Work task: Write the line that contains "charminar areal view" and each one after it, word for word, ending with the final line of the data.

[Records excerpted from a collection]
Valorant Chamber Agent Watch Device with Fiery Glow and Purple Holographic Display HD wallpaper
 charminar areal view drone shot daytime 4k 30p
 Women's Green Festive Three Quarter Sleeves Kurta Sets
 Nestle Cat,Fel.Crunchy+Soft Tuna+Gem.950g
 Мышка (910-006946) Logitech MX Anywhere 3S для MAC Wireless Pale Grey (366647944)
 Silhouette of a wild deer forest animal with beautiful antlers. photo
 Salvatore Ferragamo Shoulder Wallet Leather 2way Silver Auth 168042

Output for this task:
 charminar areal view drone shot daytime 4k 30p
 Women's Green Festive Three Quarter Sleeves Kurta Sets
 Nestle Cat,Fel.Crunchy+Soft Tuna+Gem.950g
 Мышка (910-006946) Logitech MX Anywhere 3S для MAC Wireless Pale Grey (366647944)
 Silhouette of a wild deer forest animal with beautiful antlers. photo
 Salvatore Ferragamo Shoulder Wallet Leather 2way Silver Auth 168042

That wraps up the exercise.